Juga ayunan langkahnya menerobos memasuki areal Pesantren al-Mukmin di Ngruki, Surakarta, untuk bersilaturahim dengan menyanggongi rumah Ustaz Abu Bakar Ba'asyir di areal pesantren yang dikenal beraliran keras (2010). Yang menarik, Taufiq Kiemas bersama seluruh Wakil Ketua MPR RI disambut dengan antusias oleh Ustaz Abu, yang mengenalnya sebagai anak tokoh Masyumi Tjik Agus Kiemas-­yang tak lain ialah tangan kanan dan orang kepercayaan tokoh Masyumi Kasman Singodimedjo, yang juga Ketua MPR RI pertama periode 1945-1949. Bahkan Ustaz Abu sempat menuliskan pesan dan kesannya pada buku karya Taufiq Kiemas, sehingga Ketua PP Muhammadiyah Din Syamsuddin menyebutnya sebagai terobosan brilian yang luar biasa, yang dilakukan seorang Ketua MPR dengan latar nasionalis dari PDIP.

Tastafvian Kiemas juga berkenan menerima para mantan petinggi Gerakan Aceh Merdeka (GAM) sekelas Malik Mahmud yang datang beserta segenap jajarannya di Gedung MPR RI. Ia pun bersijurus melapangkan jalannya perdamaian secara nyata, sehingga bumi Serambi Mekah menjadi lebih hidup bergairah, dan dapat diterima secara baik oleh semua kalangan dan elite pemerintahan. Itu terbuktikan dengan berbagai kebijakan pemerintah pusat terhadap masyarakat dan pemerintah daerah Nanggroe Aceh Darussalam.
Secara sadar atau bawah sadar, sesungguhnya Taufiq Kiemas-lah yang meletakkan dasar pijakan menempatkan diri dan juga partainya sebagai kekuatan penyeimbang.

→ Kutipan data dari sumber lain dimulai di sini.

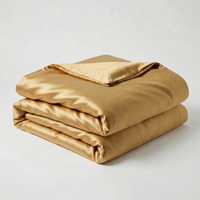 Sængufatning úr blant silkisköttu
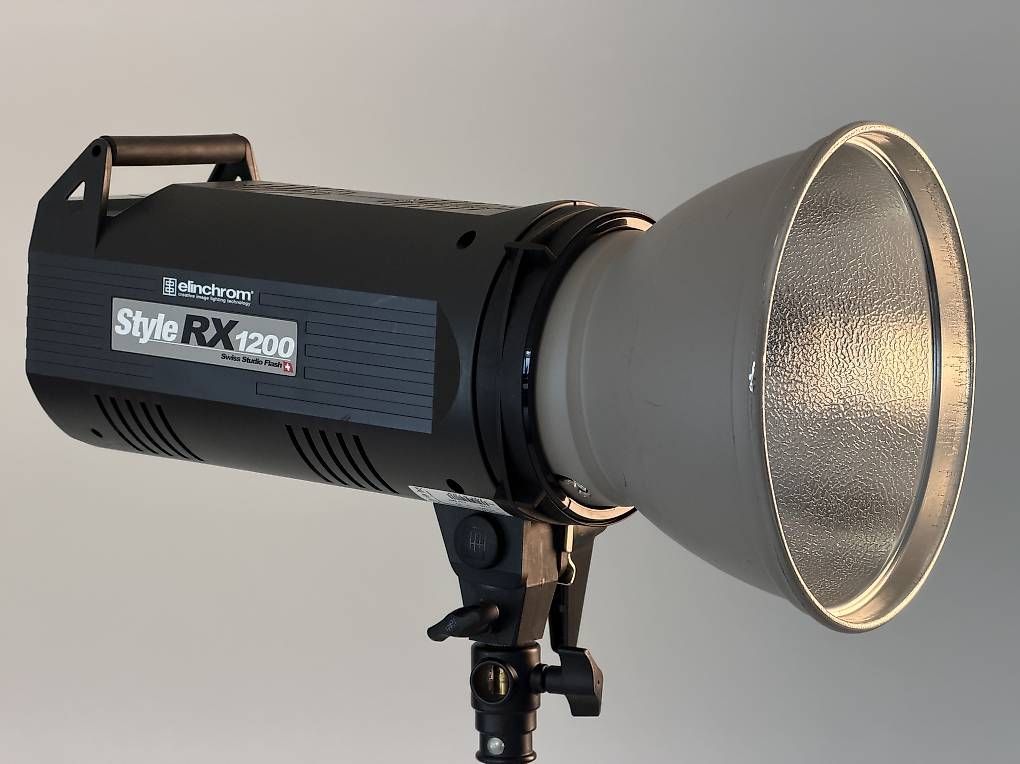 Elinchrom Flash: Studioblitz Elinchrom Style RX1200 – Usato da Wohlen AG venduto da inf_j9pt 1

Energi positifnya juga dikembangkan untuk mampu menggerakkan secara aktif jalinan hubungan antarlembaga negara sehingga menjadi bergairah dalam jalinan hubungan antarlembaga negara secara berimbang dengan saling menghargai dan saling mengunjung, melalui pertemuan-pertemuan antarlembaga negara secara rutin dan berkelanjutan, sehingga membuahkan hubungan yang serasi dan tercipta harmonisasi.

Maka, tak berlebihan para pengamat yang mengatakan bahwa sosok Taufiq Kiemas, yang juga Ketua MPR RI, telah menatahkan diri menjadi tidak hanya jembatan penghubung semua lini pergerakan sosial politik Nusantara, yang mampu merajut sekat-sekat menjadi longgar, lapang, dan mencair.
Lebih dari itu, sesungguhnya sosok Taufiq Kiemas justru yang menjadi penyeimbang seluruh kekuatan sosial politik Tanah Air. Maka, tak berlebihan Taufiq Kiemas dinobatkan sebagai Tokoh Perubahan Tahun 2012.